Back from FAST, this week I’m continuing my OSDI’20 series. I couldn’t update this week at my usual times as I have been crazy with meetings the whole week. Friday I only had 30 mins break the whole day while the rest is filled with meetings so I’m updating our weekly paper reading now on Saturady. I do understand why the morning paper discontinued and I actually do have the fear that this one won’t last long either… Anyways, today we will look at a less technical paper but I think would be valueable to researchers. Let’s look at the analysis of a large scale in-memory cache at Twitter.

How are in-memory caches deployed at Twitter?

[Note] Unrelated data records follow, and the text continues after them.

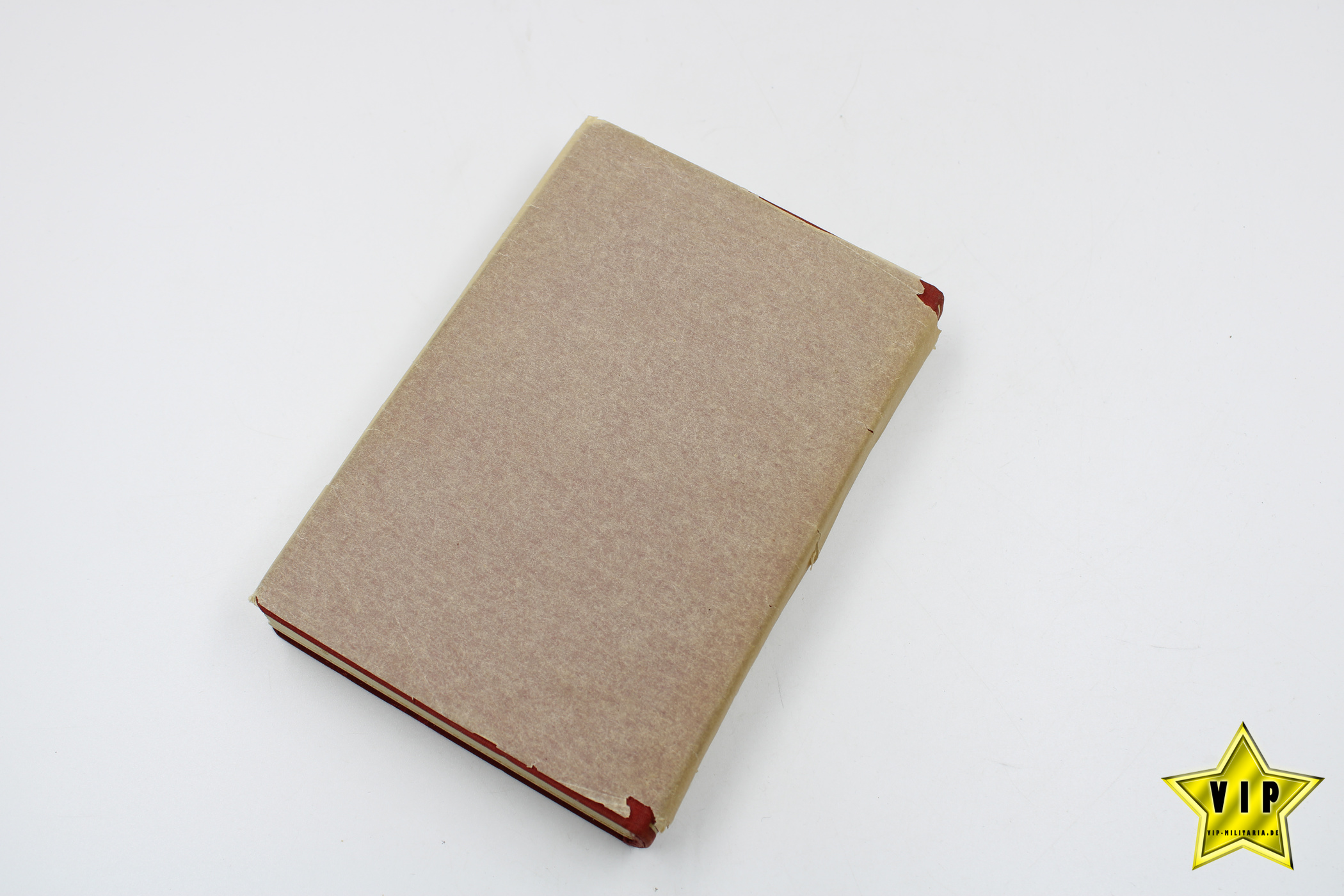 Mein Kampf 1940 Tornisterausgabe mit Widmung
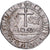 France, Henry VI, Blanc aux Écus, 1422, Saint-Lô, Billon, EF(40-45)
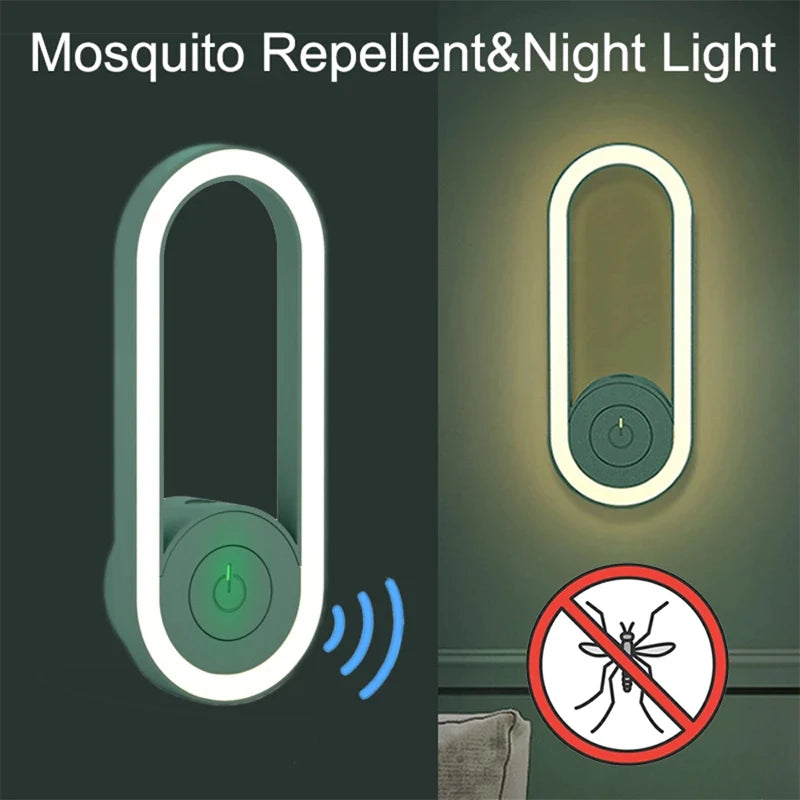 Matador Ultrassônico de Mosquitos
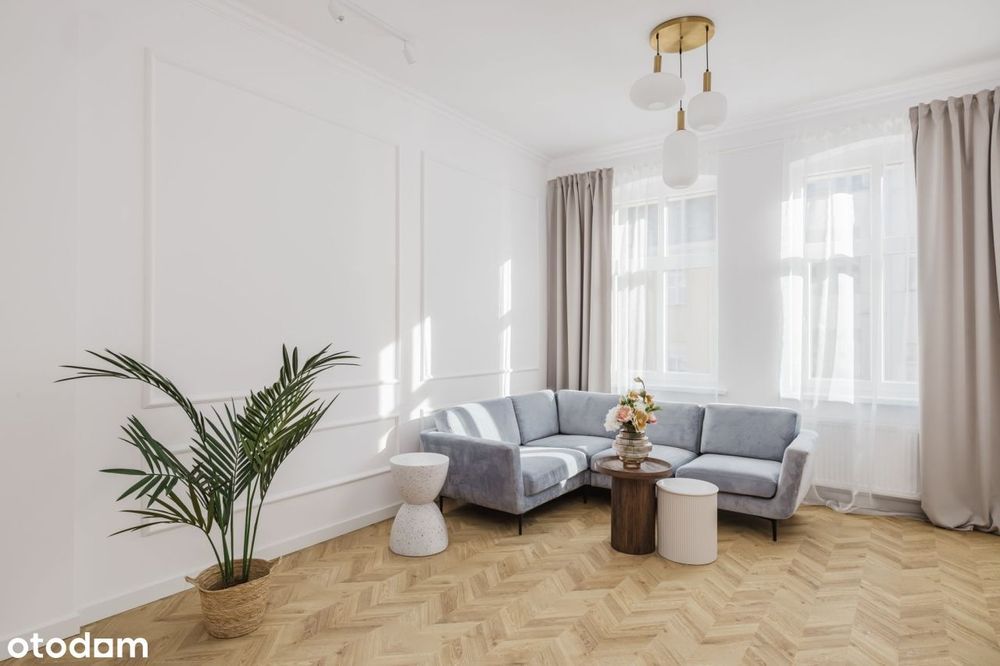 Szpachlowanie oraz prace wykończeniowe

  • One service one cache clsuter (100s clusters in total)
  • A cache cluster is composed by containers
  • In total they serve billions QPS and consume 100s TB DRAM
  • Method
    • Week-long traces from one instance of each cluster (open sourced)
      • 700 billion requests, 80 TB in size
    • Focus on 54 clsuters in this paper

How are cache clusters used?

  • Use cases
Use cases
  • Caching for storage (KVStore)
  • Caching for computation
  • Intermediate data no persistency
    • Workloads
  • 35% of clusters are write-heavy with more than 30% writes (challenges: scalability, tail latency)
  • Object sizes are small
    • 24% cluster mean object size < 100 bytes
    • Median: 230 bytes
    • Key size is large, Value/key size is small: 15% value size <= key size; 50% value size <= 5x key size (key compression)
    • Sizes are changing as time goes by, and it can be very sudden with no pattern
  • Metadata size is large: 56 bytes per object

How long before objects expire? Time-to-live (TTL)

  • Objects are set to expire because of inconsistency, result update (refresh), etc.
  • TTLs are usually short: < 20 mins, only 25% TTLs are > 2 days
  • Bounded working set size (3-6GB) -> No need for huge cache size
  • The paper mentions multiple TTL methods and all are inefficient

Other statistics

  • Small cache miss and variations
  • Request spikes are not always caused by hot keys
  • Most are zipfian with large alpha with small deviations
  • Cache policy is workload denpendent and FIFO performs similar to LRU

Comment

This is another no innovation but high value paper. I would definately read again carefully and come back with more notes as I found more interesting things to log. The trace may be useful for my own future papers as well.